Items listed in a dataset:

[Start of section]

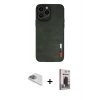 MARSİLYAN™- iPhone 13 Pro Max Kılıf Doruk Asil Koleksiyonu - Siyah Bilvis Hayalet Cam Ekran Koruyucu + Pers Alüminyum Kamera Lens - SABE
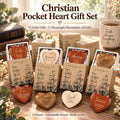 🔥 LAST DAY 49% OFF - ✝️ Christian Pocket Hearts Gift Set – 12 Faith-Filled Keepsakes of Love & Encouragement 🎁
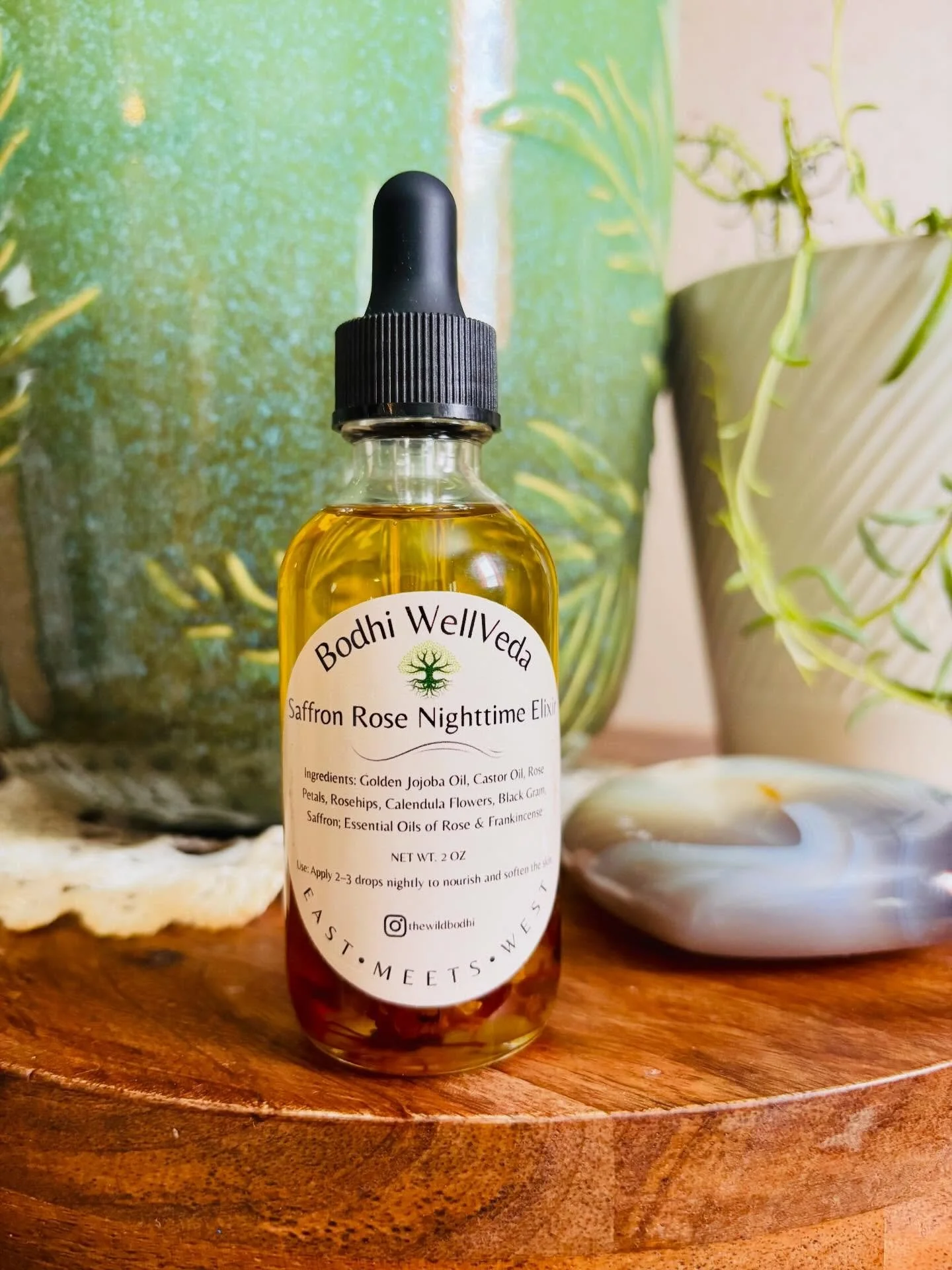 Saffron Rose Nighttime Elixir 🌹✨

This one has been quietly in the works&hellip; and she&rsquo;s finally ready.

Crafted in small batches using the traditional Ayurvedic infusion method in copper with mineral-rich Arkansas spring water &mdash; this 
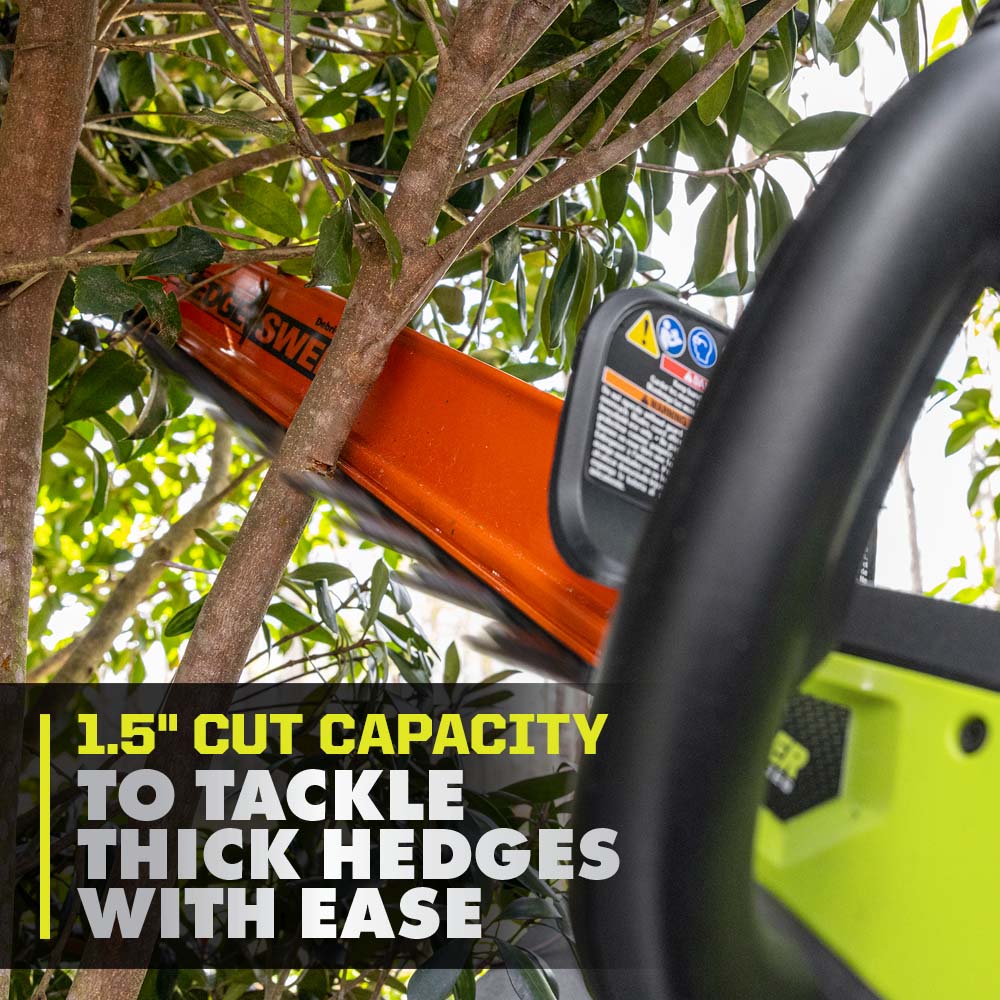 40V HP BRUSHLESS WHISPER SERIES 26" HEDGE TRIMMER  Image 4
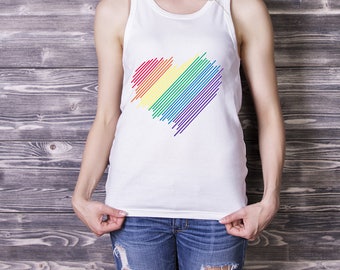 Gay Pride Tank Top Unisex LGBT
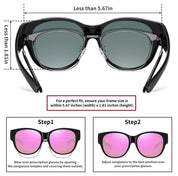 HAOLOTA Cat Eye Sunglasses for Over Glasses Polarized  UV Protection SG0179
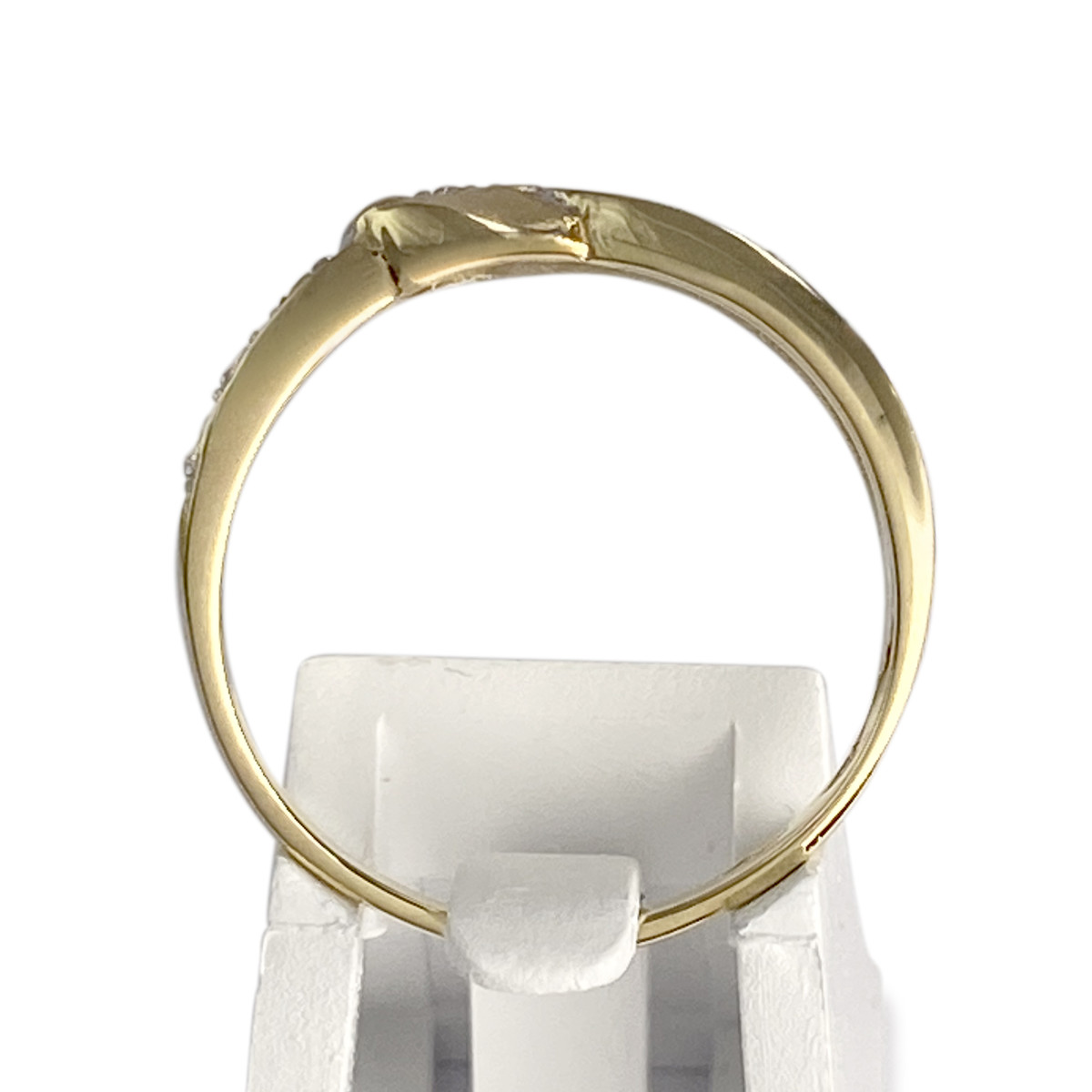 Bague d'occasion 2 ors 750 zirconias - vue 3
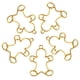 thumbnail image 2 of 10 Uds. De colgantes de marco de aleación con bisel trasero abierto, marco colgante de joyería (dorado, estilo pan de jengibre), 2 of 5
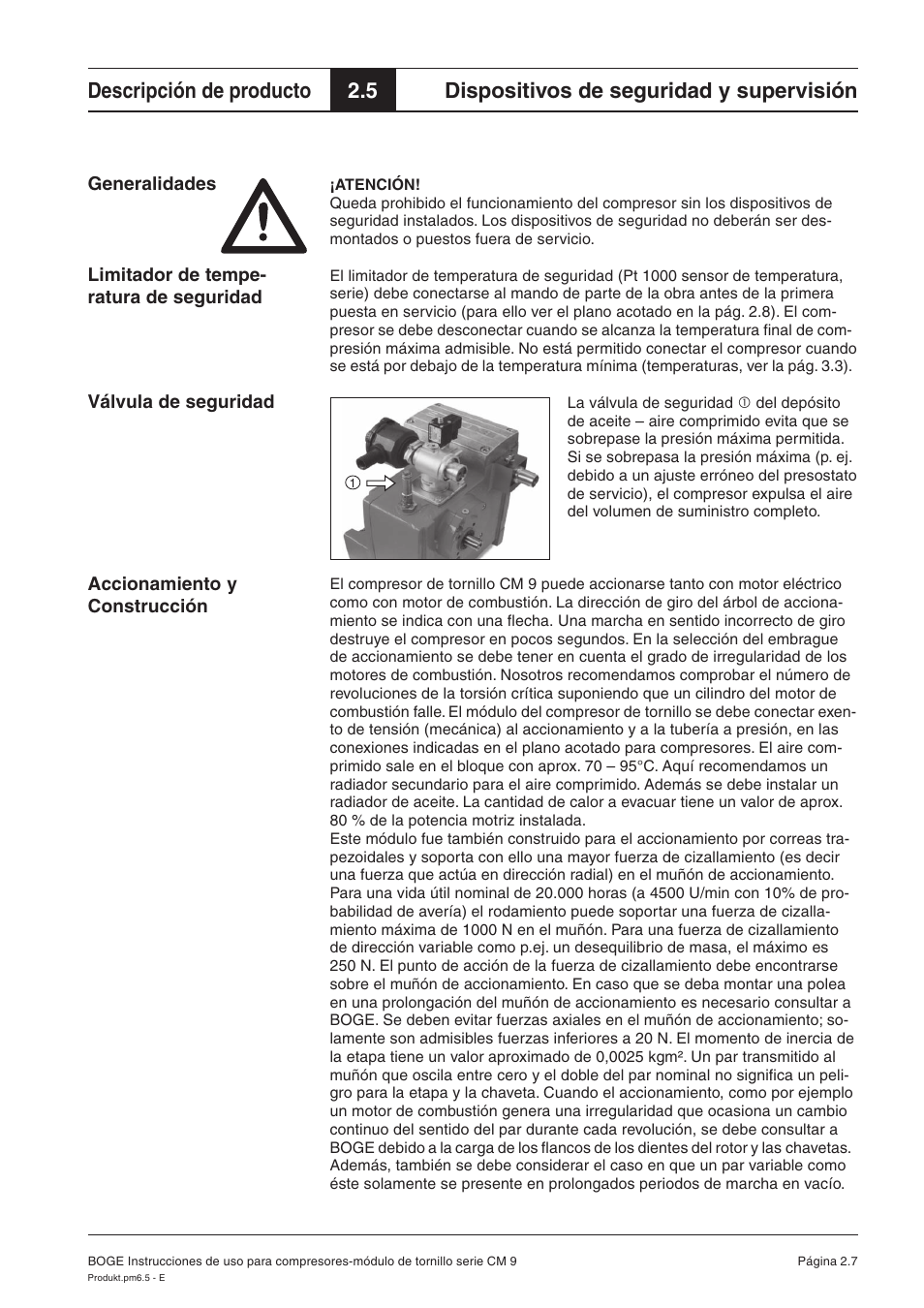 Descripción de producto, 5 dispositivos de seguridad y supervisión | Karcher HD 7-250 De Tr1 User Manual | Page 194 / 264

[End of section]

Retype each line of the data exactly, beginning with the first; include the line containing "This one has" and stop there, skipping every picture.

 MARSİLYAN™- iPhone 13 Pro Max Kılıf Doruk Asil Koleksiyonu - Siyah Bilvis Hayalet Cam Ekran Koruyucu + Pers Alüminyum Kamera Lens - SABE
 🔥 LAST DAY 49% OFF - ✝️ Christian Pocket Hearts Gift Set – 12 Faith-Filled Keepsakes of Love & Encouragement 🎁
 Saffron Rose Nighttime Elixir 🌹✨

This one has been quietly in the works&hellip; and she&rsquo;s finally ready.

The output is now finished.